Поражение ГКЧП определилось 21 августа, но Ахромеев понял это еще раньше. 22 августа он узнал о возвращении Горбачева, об аресте министра обороны Д. Язова. С Горбачевым Ахромеев не встречался. Он начал готовить свое письмо Горбачеву, а также текст выступления на сессии Верховного Совета, которая была намечена на 26 августа. В его записной книжке, которую потом отдали родным, было на этот счет много записей. «Почему я приехал в Москву из Сочи? Никто меня не вызывал. Я был уверен, что эта авантюра потерпит поражение, а приехав в Москву, лично убедился в этом. Но с 1990 г. наша страна идет к гибели. Горбачев дорог, но Отечество дороже! Пусть в истории хоть останется след – против гибели такого великого государства протестовали!» По свидетельству дочерей маршала Натальи и Татьяны, вечером 23 августа их отец не выглядел подавленным. Все собрались за ужином, купили большую дыню, обсуждали последние события. Маршал отправился в Кремль в 9 часов утра, обещал вечером погулять с внучками. Уже из Кремля говорил с Татьяной о встрече матери, она возвращалась в Москву в 3 часа дня. Но уже через час после этого разговора Ахромеев был мертв. Как можно судить по запискам, маршал думал о самоубийстве уже 23 августа, но были какие-то колебания. Но именно вечером 23 августа Б. Ельцин подписал в присутствии Горбачева указ о приостановлении деятельности КПСС в Российской Федерации. Поздно вечером в этот же день и в ночь на 24 августа происходил захват манифестантами зданий ЦК КПСС на Старой площади. Эпизоды этих событий можно было видеть по телевидению, а Ахромеев мог знать и больше. Некоторые из друзей Сергея Федоровича считали, что именно запрет КПСС и поведение Горбачева стали последней каплей – слишком необычным для военного был избранный им способ самоубийства.

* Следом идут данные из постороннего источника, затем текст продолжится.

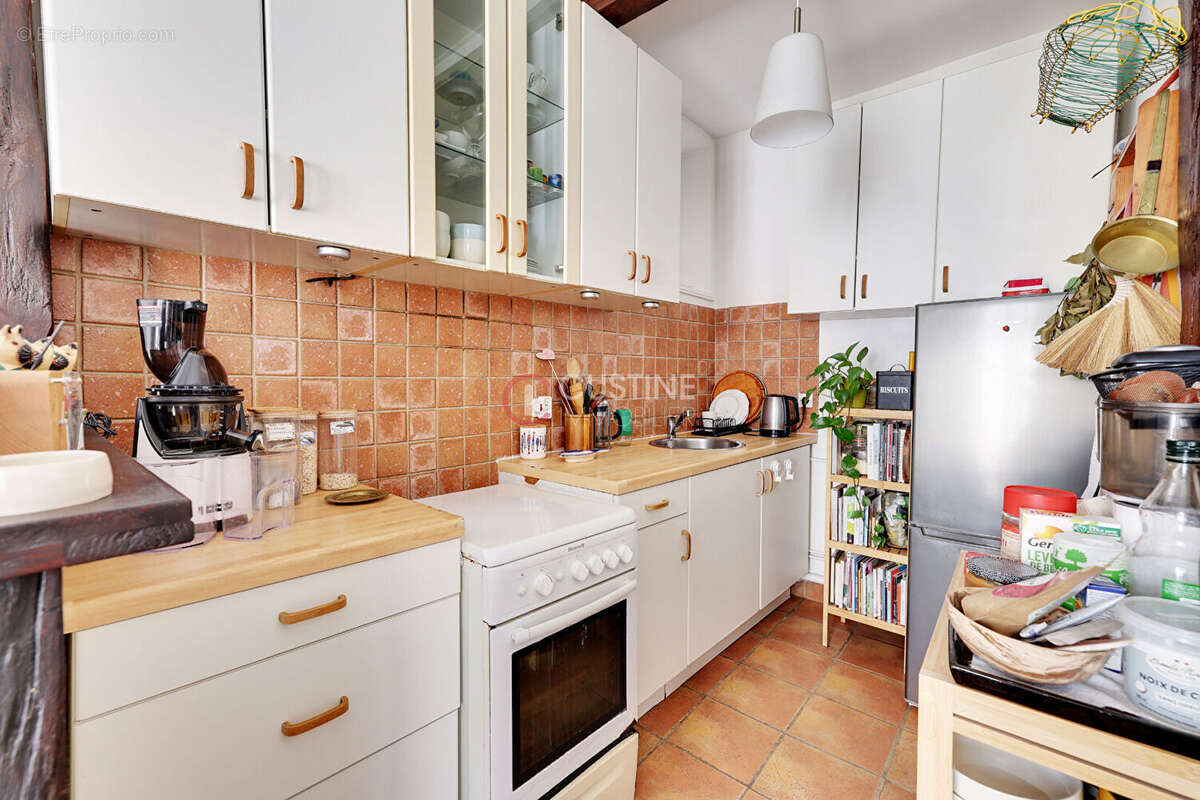 Appartement à PARIS-18E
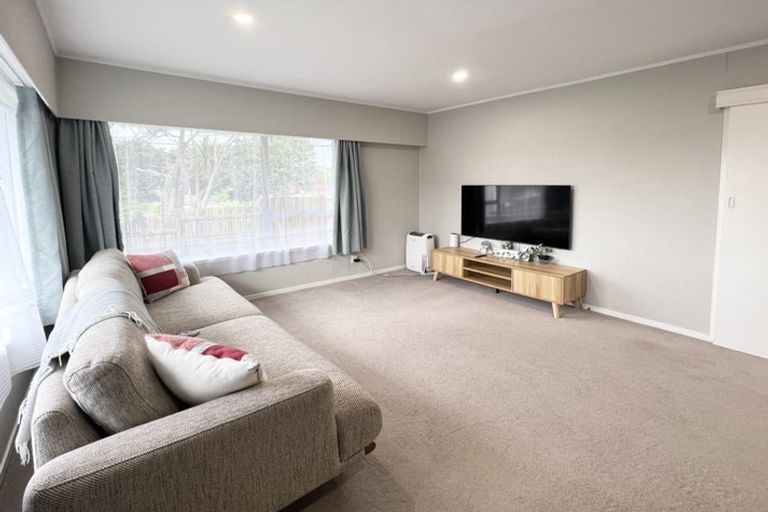 Photo of property in 1/214 Sunnynook Road, Totara Vale, Auckland, 0627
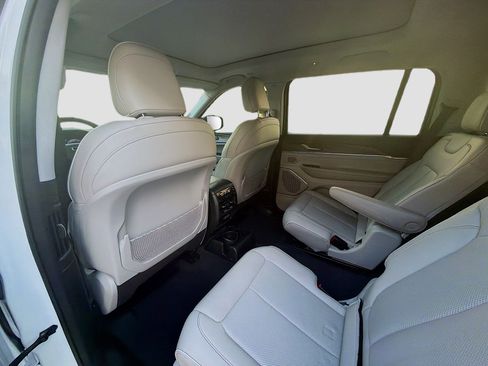 Used 2023 Jeep Grand Cherokee L Overland image 25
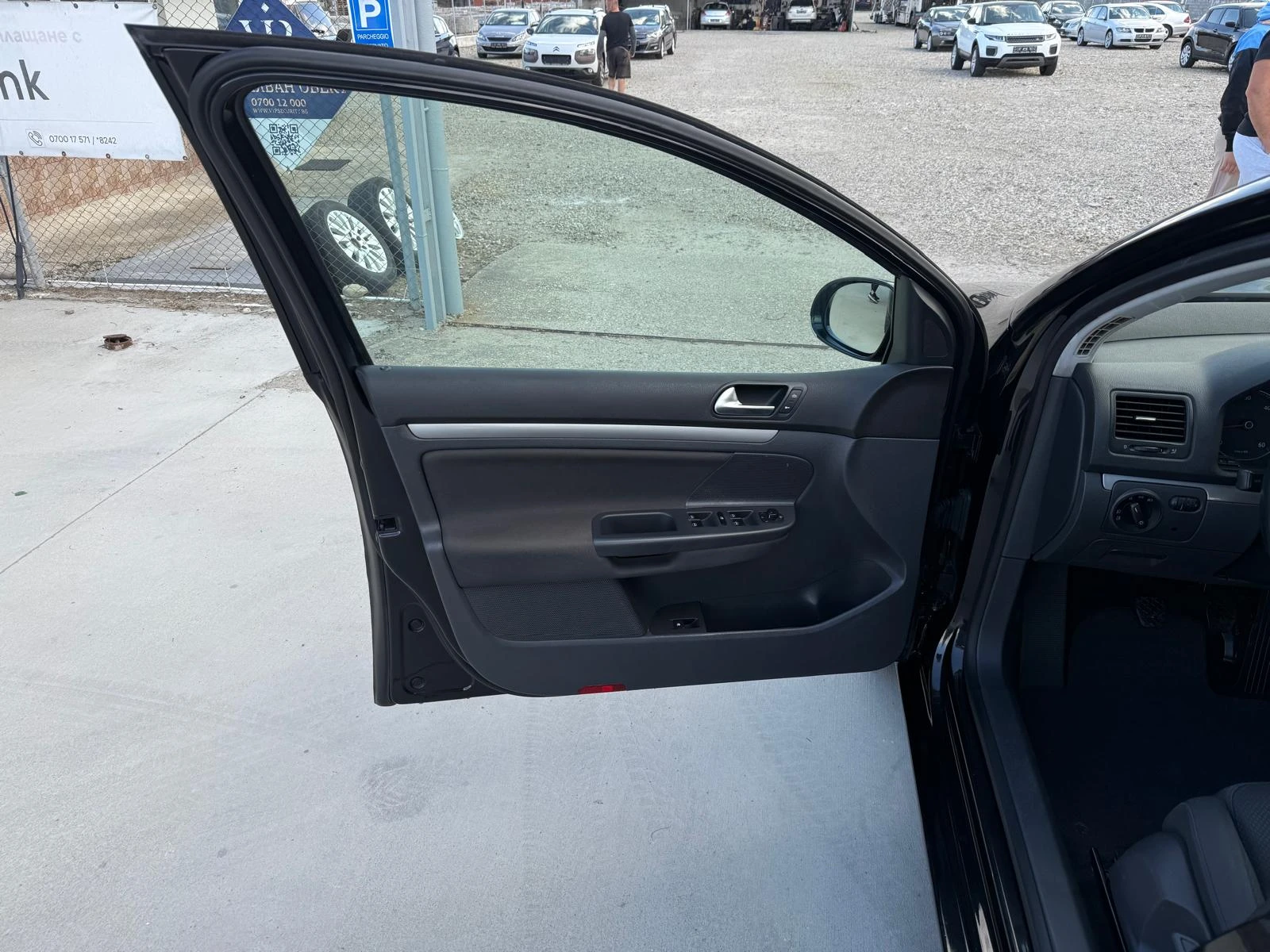 VW Golf 1.9 TDI Климатроник/Мултиволан/Собствен лизинг - изображение 9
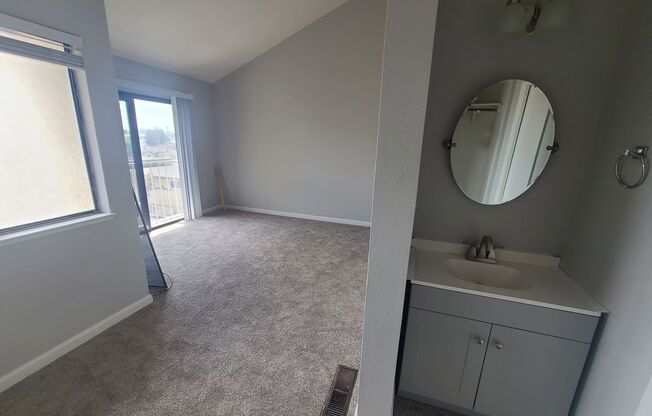 2 beds, 1 bath, $2,400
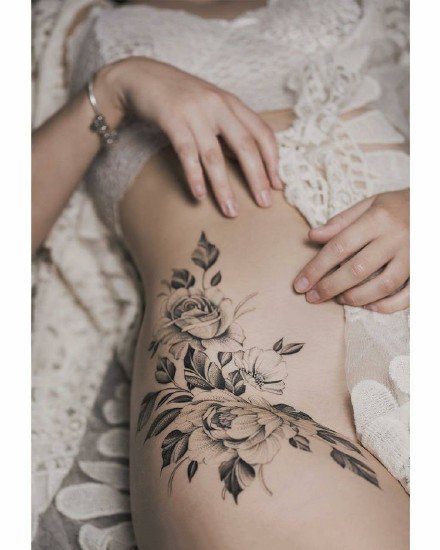 点击大图看下一张：性感花朵纹身--女性大腿侧部性感的花朵纹身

Маршал Ахромеев был достойным военачальником и пользовался большим уважением в армии и в партии. Он начал войну в 1941 г. помощником командира взвода морской пехоты, а завершил ее командиром батальона. В 1979 – 1988 гг. он был первым заместителем начальника, а потом и начальником Генерального штаба и первым заместителем министра обороны СССР. Он руководил планированием военных операций в Афганистане на всех этапах, включая и вывод войск. На переговорах о сокращении вооружений Ахромеев был главным экспертом, и Горбачев признавал, что без Ахромеева эти переговоры были бы менее успешными. Маршал тяжело переживал ту антиармейскую кампанию, которую вела значительная часть прессы в 1989 – 1990 гг., не встречая противодействия у Горбачева. Ахромеев часто выступал по этому поводу на заседаниях Съезда народных депутатов и Верховного Совета СССР. Несколько раз и я беседовал с Ахромеевым на эти темы в его кабинете. Маршал был обескуражен поведением Президента СССР, который перестал давать своему советнику и помощнику какие-либо поручения и постоянно откладывал решение ряда важных армейских проблем, которые Ахромеев считал неотложными. В конце концов Ахромеев подал еще в июне 1991 г. прошение об отставке, но Горбачев медлил и с решением этого вопроса. В своем кабинете Ахромеев давал волю эмоциям, которые в другой обстановке он сдерживал.